Okay, this was a really rambling catch-all, but I think I hit all the highlights of the last couple months. Oh! Except the saddle! I bought a dressage saddle. Update for another time.

Poe walk, July 2012

Clinic: David DeWispelaere

I intended to do a blog post about this clinic right after I rode in it – but time got away, and away, and away. Here, instead, is an article I wrote about it for the latest edition of Cross Country Magazine.

David DeWispelaere is a Grand Prix rider and trainer known for his use of classical dressage methods, emphasizing lightness and harmony in the communication between a horse and rider. He regularly conducts clinics throughout the United States and Europe. This April, he spent three days teaching at several farms in the west metro.

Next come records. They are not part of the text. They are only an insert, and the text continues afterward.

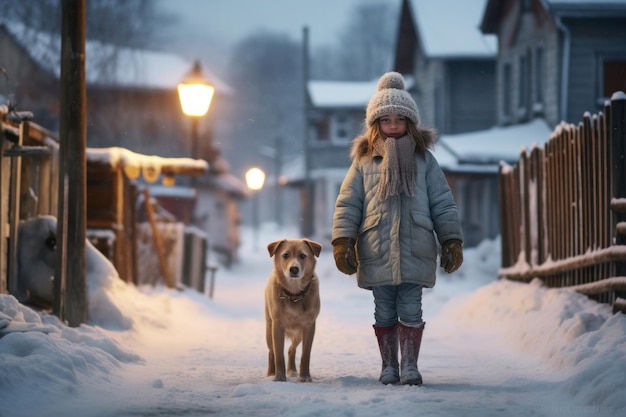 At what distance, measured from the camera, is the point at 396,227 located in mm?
7250

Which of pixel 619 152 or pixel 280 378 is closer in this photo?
pixel 280 378

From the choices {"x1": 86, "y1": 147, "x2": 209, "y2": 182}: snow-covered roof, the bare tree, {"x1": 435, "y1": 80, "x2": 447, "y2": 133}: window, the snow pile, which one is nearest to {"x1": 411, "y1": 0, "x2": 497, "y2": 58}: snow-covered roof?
{"x1": 435, "y1": 80, "x2": 447, "y2": 133}: window

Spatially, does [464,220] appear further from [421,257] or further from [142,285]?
[421,257]

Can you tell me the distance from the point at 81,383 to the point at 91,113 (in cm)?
3007

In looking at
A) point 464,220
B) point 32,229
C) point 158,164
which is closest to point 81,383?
point 32,229

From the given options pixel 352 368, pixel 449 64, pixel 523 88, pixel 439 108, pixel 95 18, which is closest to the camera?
pixel 352 368

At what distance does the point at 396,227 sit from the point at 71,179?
3.83 m

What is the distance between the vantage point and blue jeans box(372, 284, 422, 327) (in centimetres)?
732

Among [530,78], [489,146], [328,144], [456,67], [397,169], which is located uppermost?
[456,67]

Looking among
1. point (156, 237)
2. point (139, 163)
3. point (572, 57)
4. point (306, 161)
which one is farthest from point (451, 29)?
point (139, 163)

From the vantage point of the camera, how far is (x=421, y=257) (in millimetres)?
7246

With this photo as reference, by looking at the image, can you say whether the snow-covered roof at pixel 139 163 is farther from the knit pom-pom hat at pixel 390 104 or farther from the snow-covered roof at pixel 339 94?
the snow-covered roof at pixel 339 94

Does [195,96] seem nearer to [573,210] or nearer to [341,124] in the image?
[573,210]

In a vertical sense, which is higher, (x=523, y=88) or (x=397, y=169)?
(x=523, y=88) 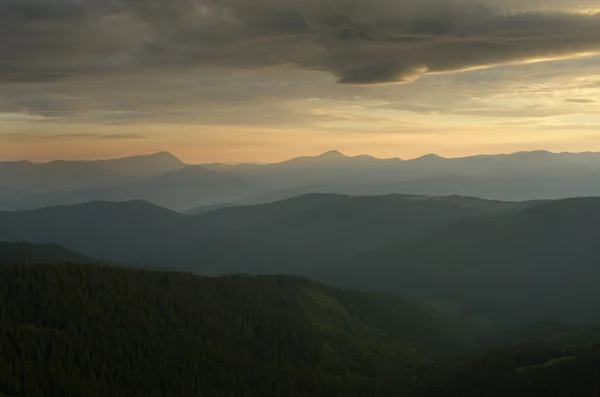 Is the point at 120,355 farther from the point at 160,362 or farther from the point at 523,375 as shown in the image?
the point at 523,375

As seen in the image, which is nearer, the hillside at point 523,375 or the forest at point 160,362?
the hillside at point 523,375

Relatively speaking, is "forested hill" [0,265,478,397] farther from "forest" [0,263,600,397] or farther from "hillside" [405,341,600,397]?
"hillside" [405,341,600,397]

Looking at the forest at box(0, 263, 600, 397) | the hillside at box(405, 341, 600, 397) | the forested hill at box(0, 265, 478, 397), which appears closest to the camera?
the hillside at box(405, 341, 600, 397)

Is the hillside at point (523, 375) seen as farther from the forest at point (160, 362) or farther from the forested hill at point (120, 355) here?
the forested hill at point (120, 355)

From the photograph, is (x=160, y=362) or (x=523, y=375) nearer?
(x=523, y=375)

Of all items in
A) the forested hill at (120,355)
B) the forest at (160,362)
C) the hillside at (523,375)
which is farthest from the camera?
the forested hill at (120,355)

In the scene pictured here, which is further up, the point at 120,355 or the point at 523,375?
the point at 523,375

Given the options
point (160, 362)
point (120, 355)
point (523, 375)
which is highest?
point (523, 375)

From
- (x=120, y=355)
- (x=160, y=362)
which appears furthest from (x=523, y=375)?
(x=120, y=355)

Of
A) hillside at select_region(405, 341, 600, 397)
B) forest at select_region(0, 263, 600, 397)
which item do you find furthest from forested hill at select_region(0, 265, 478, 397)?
hillside at select_region(405, 341, 600, 397)

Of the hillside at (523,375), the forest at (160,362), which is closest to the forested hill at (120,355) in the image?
the forest at (160,362)

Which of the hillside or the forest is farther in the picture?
the forest

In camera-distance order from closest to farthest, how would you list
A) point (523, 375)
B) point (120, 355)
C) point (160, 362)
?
point (523, 375), point (120, 355), point (160, 362)

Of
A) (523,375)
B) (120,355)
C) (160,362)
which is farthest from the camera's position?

I rode my 6-year-old gelding Poe in one of David’s sessions, and audited several others. What stuck with me the most about David’s approach was his softness, patience, and calm attention to each horse’s emotional state. Before my ride, I caught part of a session with a young, sensitive mare. David had her rider go with a longer rein on a 20-meter circle, encouraging the mare to find her own balance while soothing her nerves with this simple exercise. In very little time the mare relaxed and stretched down, going in an even rhythm. Once she was calm, David had her rider “try to get a little closer to her” by shortening the reins slightly. The mare stayed even, round, and comfortable, and the pair were able to go on to cantering around in the same calm attitude – a nice accomplishment given the mare’s history and greenness.

I’m an adult amateur event rider with a young horse whose attention span and interest in dressage is still a work in progress. I’m currently trying to teach him to carry himself like a horse instead of a giraffe, so my work with David was largely focused on encouraging Poe to relax and seek contact.

David began our lesson by asking about our background, then had us show him how we typically warm up. Once we were ready, he put us on a 20-meter circle with a long rein, then asked that we gradually spiral in to a smaller circle, always encouraging Poe to stretch into a long contact. David emphasized that when the horse is going well, we should leave them alone: “That’s when he should go the best – when you do nothing, when you leave him alone when he finds the right way.”

I was impressed by David’s use of simple instructions and movements to educate both the horse and the rider. On the smaller circle, he asked me to reach forward to touch Poe’s neck with my inside hand. It revealed instantly when my outside aids were effective and when they weren’t. Without a good connection in the outside rein and Poe’s respect and understanding of my outside leg, giving away the inside rein would make the circle bigger. This is a concept I’ve read and heard a thousand times – a simple, classic exercise – but something in the way David showed me created a lightbulb moment. His awareness of how this exercise guided my horse’s attention and attitude was key – it taught me something new about the purpose of the pattern, rather than just its mechanics.

Throughout the lesson we used simple tools – enlarging and decreasing the circle, serpentines – to try to show Poe that he’s responsible for his own balance. (I love my horse’s big head, but I am NOT interested in holding it up for him!) “If he loses his way,” David said, “show him the right way again. Then give him more freedom. We want him to go round because he reaches for the contact, not because you have to hold him there. It should feel natural for him to go round.” It’s been hard to kick the instinct to try to “help” my horse by shortening the reins and asking more loudly, but ultimately it should make him into a more thinking, willing partner.

Probably my greatest take-away from this clinic is the value of patience. Though there were plenty of appearances of Poe’s giraffe impression, when I continued to ride the patterns calmly, patiently, and correctly, he eventually figured out that it’s easier and more comfortable to stretch down. He started to take more responsibility for his own way of going, and tune into what I was asking him. David and I also discussed other tools for getting Poe’s attention, including changes of gait, backing, and in-hand work.